──────── Input data

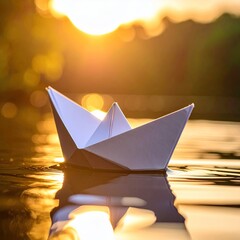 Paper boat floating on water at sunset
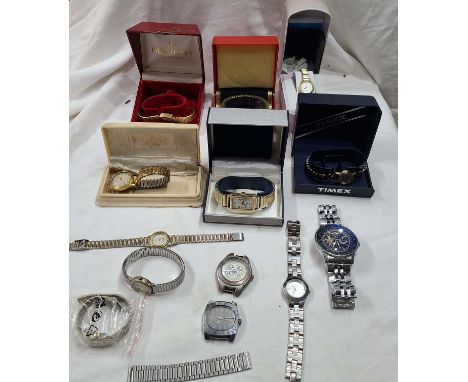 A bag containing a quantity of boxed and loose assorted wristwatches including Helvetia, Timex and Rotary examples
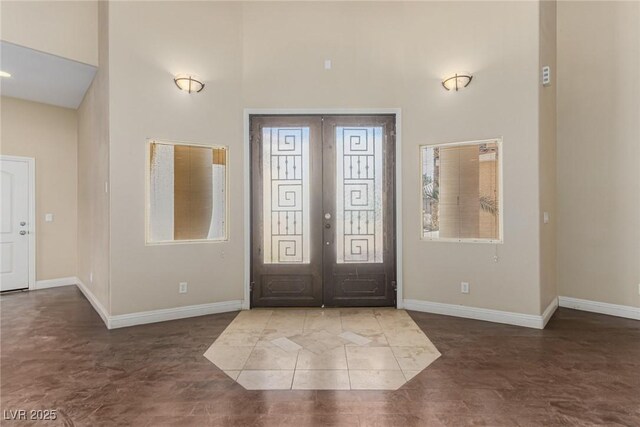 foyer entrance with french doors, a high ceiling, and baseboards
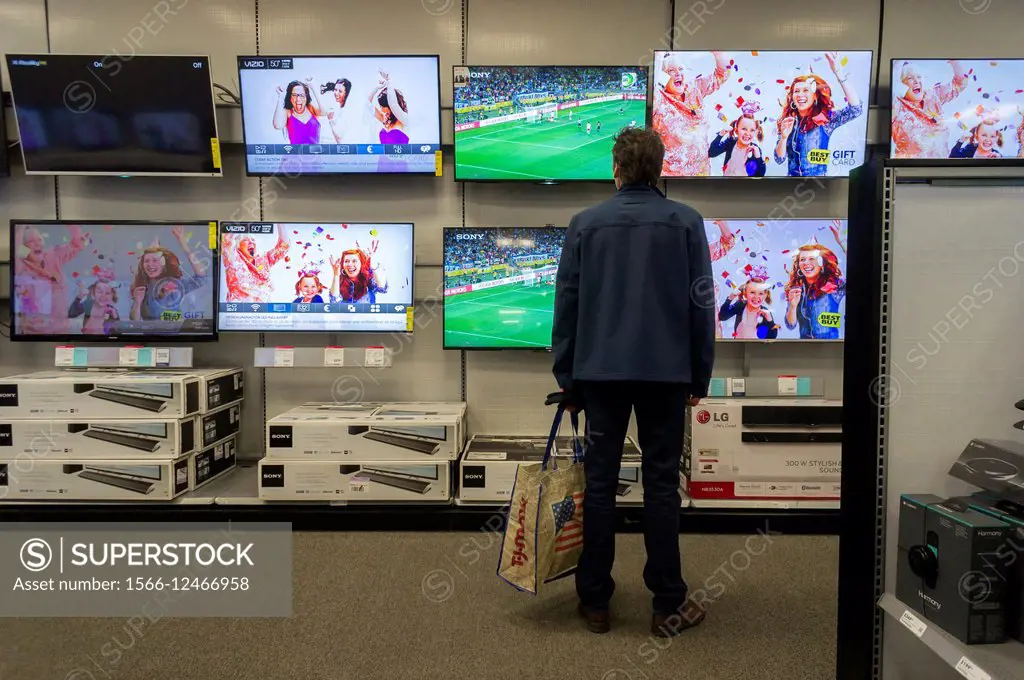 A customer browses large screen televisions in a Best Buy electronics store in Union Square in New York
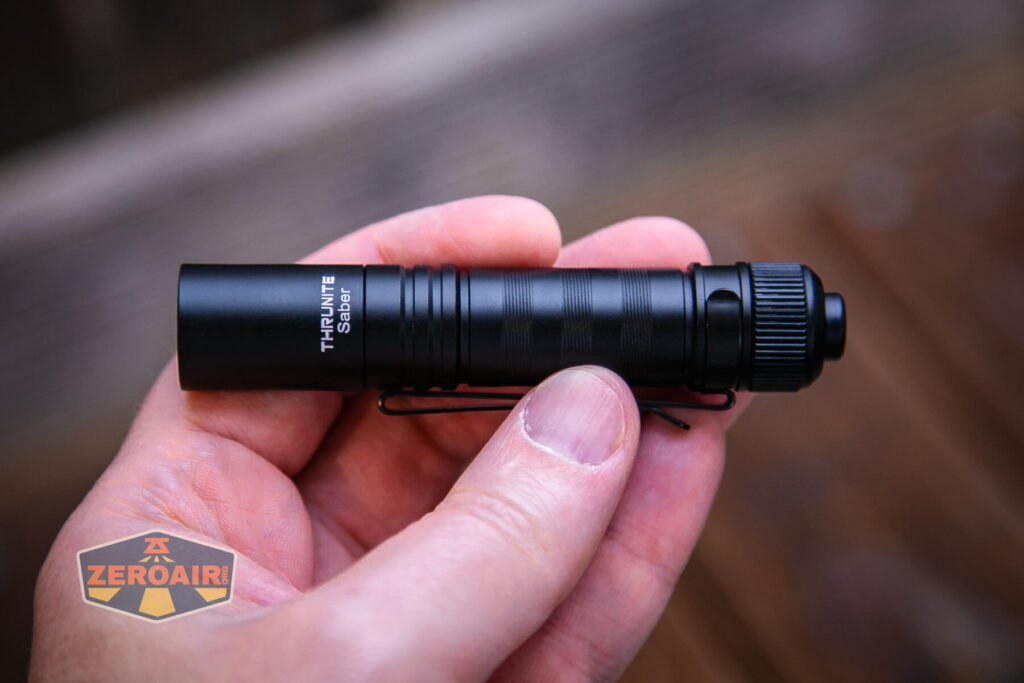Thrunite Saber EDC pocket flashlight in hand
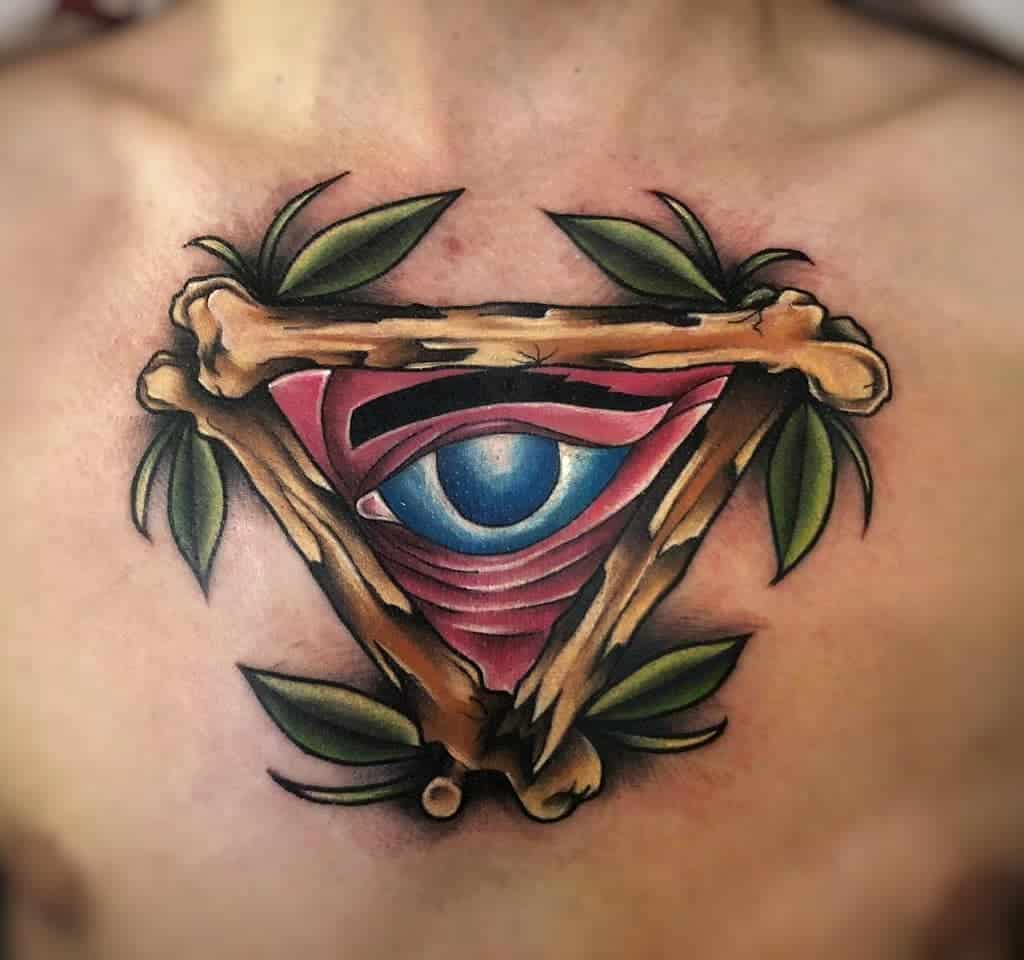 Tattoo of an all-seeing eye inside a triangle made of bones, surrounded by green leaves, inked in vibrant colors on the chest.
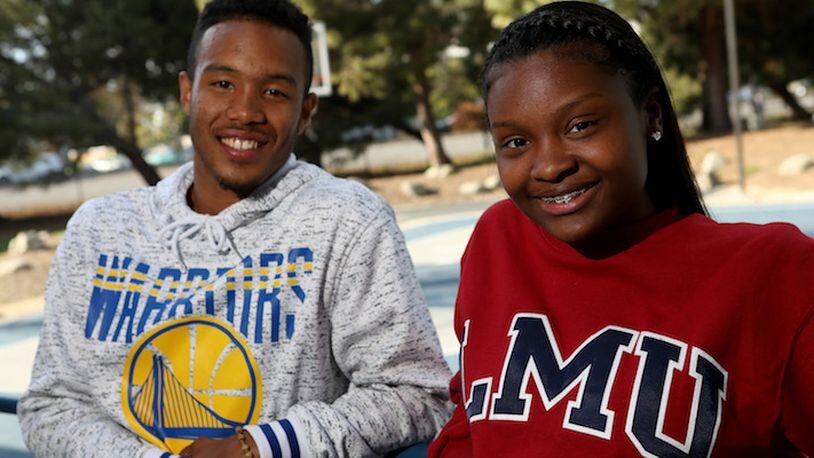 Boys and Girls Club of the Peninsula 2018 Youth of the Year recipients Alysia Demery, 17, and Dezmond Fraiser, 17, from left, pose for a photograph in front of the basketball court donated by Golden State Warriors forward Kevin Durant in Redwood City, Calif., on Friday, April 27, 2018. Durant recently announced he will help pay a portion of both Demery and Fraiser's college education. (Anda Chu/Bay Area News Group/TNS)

────────────────

Exercise objective: Retype, word for word, the lines from the one with "Thrunite Saber EDC pocket flashlight in hand" through the last line of the entries above, and only those lines. Leave pictures out.

Reply to the task:
Thrunite Saber EDC pocket flashlight in hand
 Tattoo of an all-seeing eye inside a triangle made of bones, surrounded by green leaves, inked in vibrant colors on the chest.
 Boys and Girls Club of the Peninsula 2018 Youth of the Year recipients Alysia Demery, 17, and Dezmond Fraiser, 17, from left, pose for a photograph in front of the basketball court donated by Golden State Warriors forward Kevin Durant in Redwood City, Calif., on Friday, April 27, 2018. Durant recently announced he will help pay a portion of both Demery and Fraiser's college education. (Anda Chu/Bay Area News Group/TNS)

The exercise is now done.